As regards to Sabbath keeping - I posted something on that not too long ago. It should be there if you scroll down the main page.

Anonymous said...

Mark,

I appreicate your posts...and, especially this one today... There's so much for us (me) to learn from Old Testament Israel..."these things happend to them, as examples for us..." "they're written for our instruction..." that we might learn from their mistakes...and that we, through patiencen and the encouragemnt of the Scriptures might have hope...

Just some brief thoughts on Joshua 7, beyond tithing…

v.1 When even one among the congregation (Achan) sinned, the anger of the LORD burned against Israel (as a congregated whole)…until the situation was dealt with according to God’s commandment…we're not in this alone...what we do, and don't do, effects the Church...

v.2 While this state of sin within the camp remained, God’s people could not stand against their enemy…and the hearts of the people “melted…”

v.3 Joshua sought the LORD in prayer…in confusion, and with concern for His Holy Name…

v.10 While seeking the LORD in prayer is certainly a good thing…in this situation, God very bluntly tells Joshua, “Get up!
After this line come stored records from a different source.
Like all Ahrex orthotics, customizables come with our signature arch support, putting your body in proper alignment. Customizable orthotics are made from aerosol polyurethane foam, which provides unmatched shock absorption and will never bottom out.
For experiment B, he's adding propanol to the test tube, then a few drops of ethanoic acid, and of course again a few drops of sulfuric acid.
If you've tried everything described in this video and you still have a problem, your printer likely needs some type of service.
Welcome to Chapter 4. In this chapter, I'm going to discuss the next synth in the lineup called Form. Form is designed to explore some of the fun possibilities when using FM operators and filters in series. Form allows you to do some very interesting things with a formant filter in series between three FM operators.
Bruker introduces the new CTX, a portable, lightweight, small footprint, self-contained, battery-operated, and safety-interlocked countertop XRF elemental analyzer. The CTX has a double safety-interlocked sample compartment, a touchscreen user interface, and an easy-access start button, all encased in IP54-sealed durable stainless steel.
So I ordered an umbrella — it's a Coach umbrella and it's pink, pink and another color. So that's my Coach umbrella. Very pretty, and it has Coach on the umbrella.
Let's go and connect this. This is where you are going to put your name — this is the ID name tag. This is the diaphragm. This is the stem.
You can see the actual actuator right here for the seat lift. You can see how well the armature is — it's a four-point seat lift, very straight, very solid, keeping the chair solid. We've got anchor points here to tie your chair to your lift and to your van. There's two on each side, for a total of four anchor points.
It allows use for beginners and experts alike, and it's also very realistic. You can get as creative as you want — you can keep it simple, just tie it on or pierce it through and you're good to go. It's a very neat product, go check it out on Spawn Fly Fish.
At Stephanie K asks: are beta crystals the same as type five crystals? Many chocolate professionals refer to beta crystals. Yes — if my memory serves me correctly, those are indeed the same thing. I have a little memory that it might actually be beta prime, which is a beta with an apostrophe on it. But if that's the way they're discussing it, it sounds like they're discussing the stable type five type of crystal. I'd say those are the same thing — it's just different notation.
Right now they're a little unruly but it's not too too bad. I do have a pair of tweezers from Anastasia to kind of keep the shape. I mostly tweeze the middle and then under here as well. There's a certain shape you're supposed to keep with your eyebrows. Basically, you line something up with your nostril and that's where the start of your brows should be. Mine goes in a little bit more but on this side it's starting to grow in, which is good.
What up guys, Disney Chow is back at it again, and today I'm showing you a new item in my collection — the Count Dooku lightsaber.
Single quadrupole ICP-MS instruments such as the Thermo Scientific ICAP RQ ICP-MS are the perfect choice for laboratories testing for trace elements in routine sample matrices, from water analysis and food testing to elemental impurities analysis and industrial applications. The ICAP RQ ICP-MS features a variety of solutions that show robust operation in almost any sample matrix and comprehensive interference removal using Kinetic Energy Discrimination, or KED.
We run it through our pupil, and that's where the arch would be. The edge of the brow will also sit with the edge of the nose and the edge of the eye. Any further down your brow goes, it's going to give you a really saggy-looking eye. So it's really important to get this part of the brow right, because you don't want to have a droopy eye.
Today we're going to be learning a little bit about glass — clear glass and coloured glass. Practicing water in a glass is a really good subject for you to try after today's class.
Why have you fallen on your face? Israel has sinned…” that’s why you can’t stand against your enemies…it’s time to act, it's time to deal with sin in the camp…

v.21 When the people of God, see the things of the world (those things devoted to destruction…or, even those things set aside by God for devotion to Him…even “good” things), and want (covet), and take, and hide (Achan knew he was wrong to take those things from the start…)…then, they cannot (I cannot…) stand against their (my) enemies.

A sad irony is found in the fact that once the sin was dealt with, and the LORD directs Joshua to move ahead against Ai (Joshua 8)…promising victory…He also makes it clear that this time, His people are allowed to take the spoil, the livestock, as plunder for themselves… If only we’d (I’d) learn to wait patiently for God to provide as He alone knows best, rather than, as little children, seeing, coveting, taking and hiding those things of the world, in an attempt to satisfy our cravings, apart from the promises of God…to our own destruction… We would be blessed beyond measure, and He would be Glorified in us…His people…

Mark Loughridge said...

Anon (no.2) - aka Victor - great thoughts. And great application about the next chapter. Indeed, if we give God his share, and wait patiently for him we will have more blessing than we cope with!

Jeremy Pierce said...

While I think most of what you say here is excellent, I want to point out that Malachi does deal with a number of other things, some of them before he deals with the tithing issue. That's not first. He first deals with the priests who weren't teaching the law, and I'm pretty sure the divorce issue (which probably involves both literal divorce and the spiritual adultery that divorce stands for) is also before the tithing issue.

Also, I'm not sure what the biblical justification for even having a literal 10% tithe in the New Testament. Paul makes it pretty clear that all giving is to be without compulsion and in joy. I have no doubt that he expected people to give more than 10%, in many cases far more, but that doesn't justify the legalistic limit that was appropriate in the old covenant because of what God was doing in the old covenant.

Mark Loughridge said...

Hi Jeremy,

I hear what you're saying - I certainly dont think that tithing is the only problem we have to rectify, like the people of Malachi's day there are many others.

And its not the case of if we are legalistic and give 10% that God is bound to bless us. It is fundamentally an issue of the heart. But that said, the question remains, is our relationship with God such that we are joyfully giving him a significant portion of what he has given to us?